Model Explainability — How to choose the right tool?

Published in

ING Blog

11 min readMay 6, 2021

At ING we put a lot of importance on making sure that the Machine Learning (ML) models we build, are well tested and safe to use. A crucial part of it is explaining and understanding the model. However, there are many explainability tools available, and each of them uses a different methodology. One technique might lead to significantly different results than the other. Which one should you use in your project?

In this post, we present how we have answered that question for our team in ING, in which we mainly use tree-based models. We discuss, which aspects of explainability tools were crucial while making the decision, and compare different approaches.

Global vs. local explainability

Model Explainability is a broad concept of analyzing and understanding the results provided by ML models. It is most often used in the context of “black-box” models, for which it is difficult to demonstrate, how did the model arrive at a specific decision.

Many different tools allow us to analyze the black-box models, and interestingly, each of them looks from a slightly different angle. Some of these techniques focus on a global explanation — a holistic view of the main factors that influence the predictions of this model.
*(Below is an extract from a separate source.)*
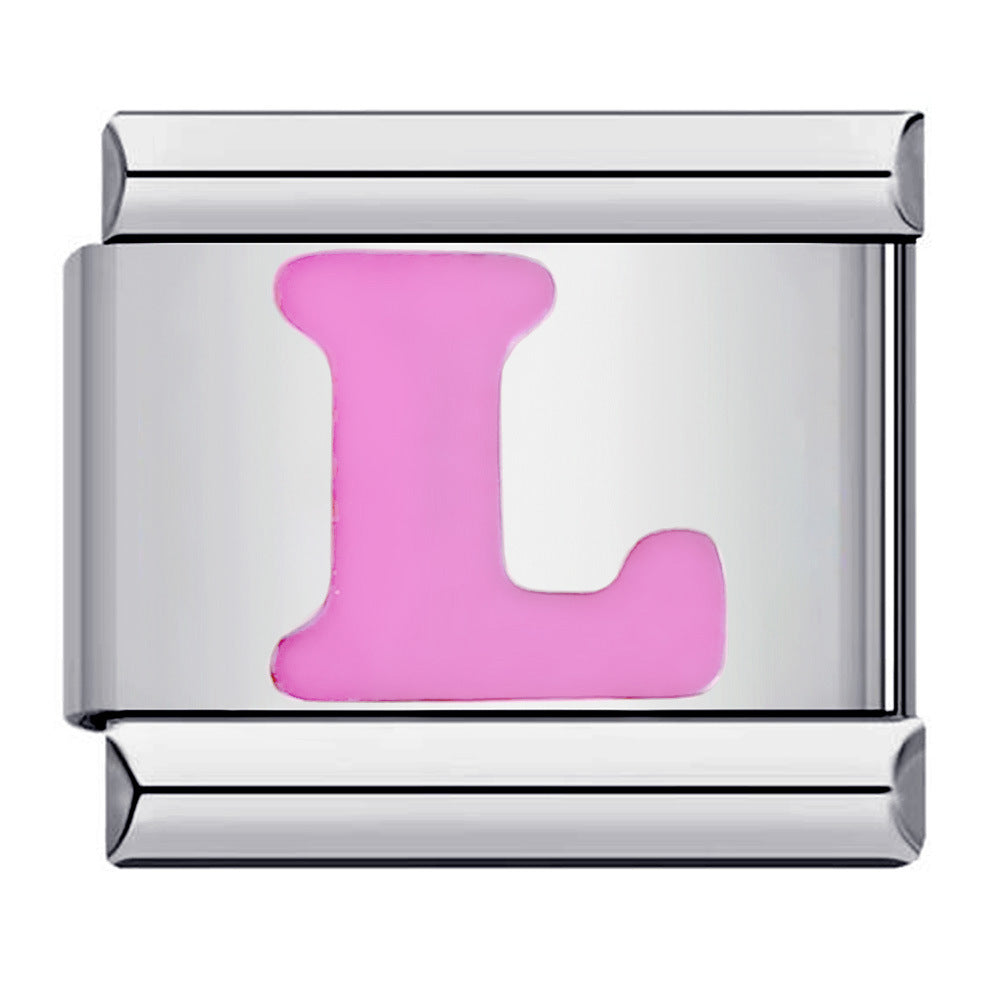 Pink Enamel Alphabet Stainless Steel Italian Charm Links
An example of a global explanation is an overview of the Feature Importance (FI) of the model. Other tools focus on generating a local explanation, which means focusing on a specific prediction made by the model.

Examples of global and local explanations.

What is essential to understand is each model explainability tool is different. Using two distinct tools for computing global explanations lead to two diverse outcomes, and thus, a different understanding of the model. More importantly, using certain explanation techniques in some cases might lead to strong bias or wrong conclusions.

Having said that, we have decided to conduct research, on which method best suits our needs.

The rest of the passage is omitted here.